Task to complete. Reproduce, exactly and in full, the lines from the one with "MantoLite 24'' Picture" through the one with "Naładują elektryczne auta" in the data below; drop pictures.

START Extracted records

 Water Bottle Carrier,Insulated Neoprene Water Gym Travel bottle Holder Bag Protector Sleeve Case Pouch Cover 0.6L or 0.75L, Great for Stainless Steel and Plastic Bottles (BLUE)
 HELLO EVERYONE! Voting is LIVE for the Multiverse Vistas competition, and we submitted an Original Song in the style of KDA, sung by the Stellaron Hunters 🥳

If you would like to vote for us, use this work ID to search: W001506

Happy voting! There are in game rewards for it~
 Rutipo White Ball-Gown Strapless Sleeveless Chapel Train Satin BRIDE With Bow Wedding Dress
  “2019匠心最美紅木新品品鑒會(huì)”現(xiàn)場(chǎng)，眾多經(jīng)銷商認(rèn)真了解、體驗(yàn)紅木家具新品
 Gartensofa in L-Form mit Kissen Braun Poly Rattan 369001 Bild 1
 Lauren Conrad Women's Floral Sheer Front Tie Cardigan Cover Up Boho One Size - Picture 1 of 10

END Extracted records
START Extracted records

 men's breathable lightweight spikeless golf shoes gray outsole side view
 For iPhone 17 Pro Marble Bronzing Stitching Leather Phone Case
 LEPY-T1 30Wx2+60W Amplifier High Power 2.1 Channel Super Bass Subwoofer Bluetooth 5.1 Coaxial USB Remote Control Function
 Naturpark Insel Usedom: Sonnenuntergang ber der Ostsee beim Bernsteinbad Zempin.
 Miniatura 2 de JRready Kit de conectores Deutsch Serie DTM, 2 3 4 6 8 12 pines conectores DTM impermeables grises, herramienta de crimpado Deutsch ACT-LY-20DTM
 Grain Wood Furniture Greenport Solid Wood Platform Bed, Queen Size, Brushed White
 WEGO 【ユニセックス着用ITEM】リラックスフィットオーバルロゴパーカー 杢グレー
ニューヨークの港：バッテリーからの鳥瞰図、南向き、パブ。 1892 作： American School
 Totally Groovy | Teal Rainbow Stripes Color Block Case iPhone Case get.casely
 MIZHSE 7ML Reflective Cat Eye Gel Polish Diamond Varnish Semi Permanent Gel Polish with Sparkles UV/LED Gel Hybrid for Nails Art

END Extracted records
START Extracted records

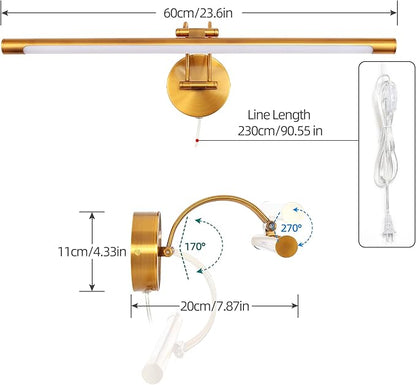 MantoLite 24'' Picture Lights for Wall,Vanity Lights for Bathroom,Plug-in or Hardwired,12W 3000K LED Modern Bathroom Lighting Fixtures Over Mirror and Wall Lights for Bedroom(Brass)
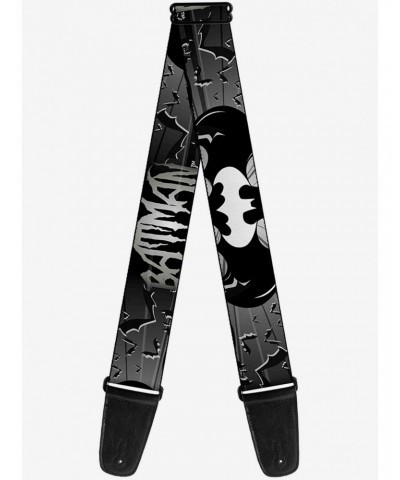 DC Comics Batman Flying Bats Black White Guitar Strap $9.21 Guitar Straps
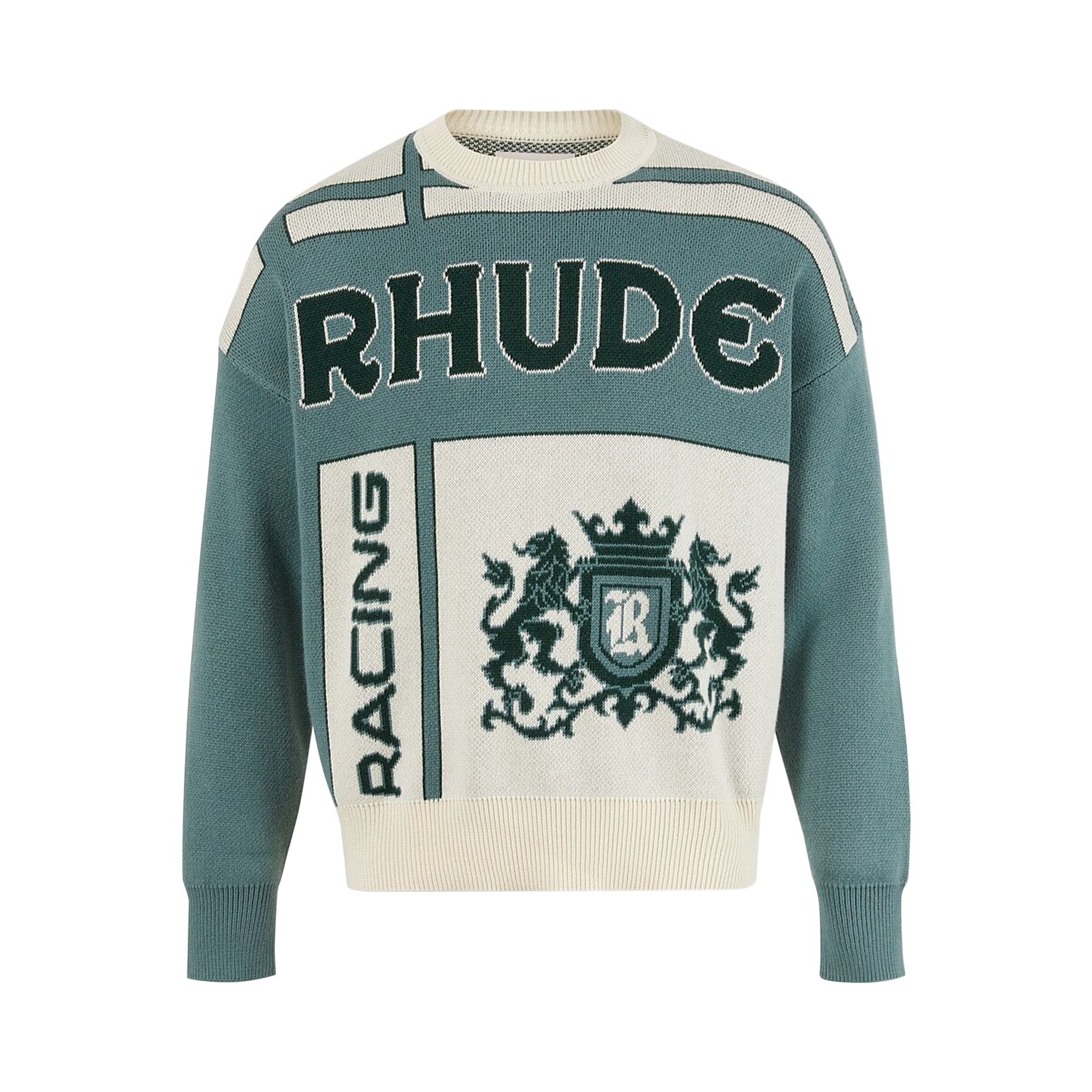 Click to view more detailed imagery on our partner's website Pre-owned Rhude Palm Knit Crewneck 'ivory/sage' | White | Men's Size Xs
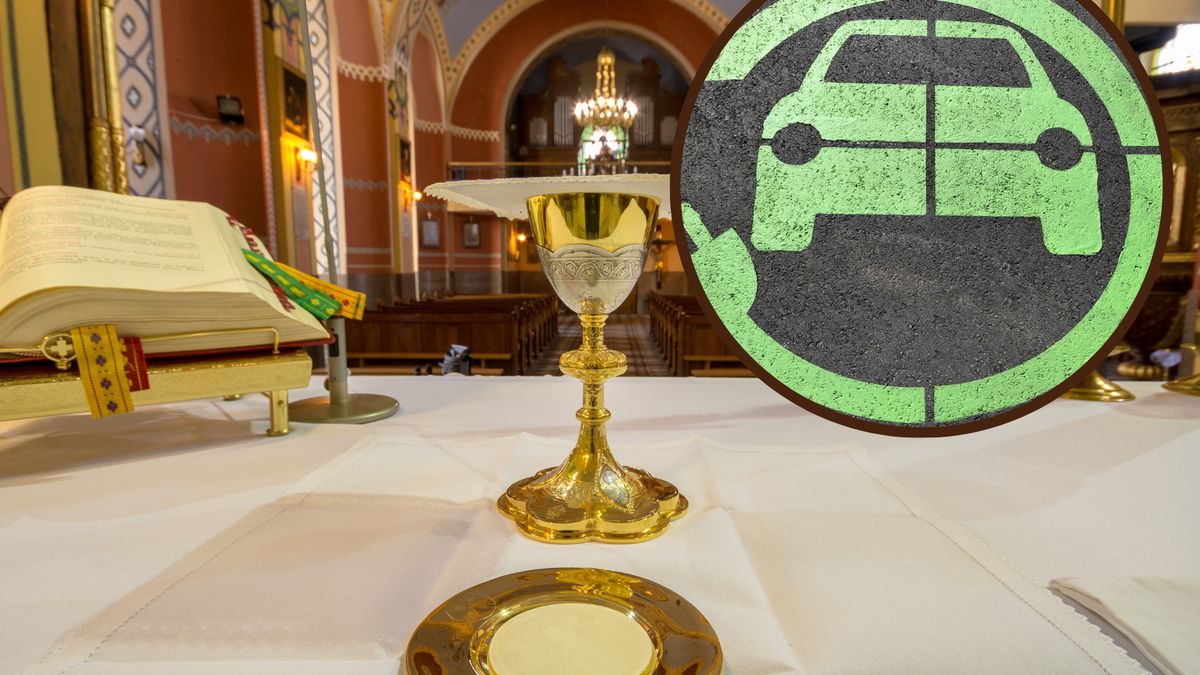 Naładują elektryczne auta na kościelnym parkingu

END Extracted records

Response.
 MantoLite 24'' Picture Lights for Wall,Vanity Lights for Bathroom,Plug-in or Hardwired,12W 3000K LED Modern Bathroom Lighting Fixtures Over Mirror and Wall Lights for Bedroom(Brass)
 DC Comics Batman Flying Bats Black White Guitar Strap $9.21 Guitar Straps
 Click to view more detailed imagery on our partner's website Pre-owned Rhude Palm Knit Crewneck 'ivory/sage' | White | Men's Size Xs
 Naładują elektryczne auta na kościelnym parkingu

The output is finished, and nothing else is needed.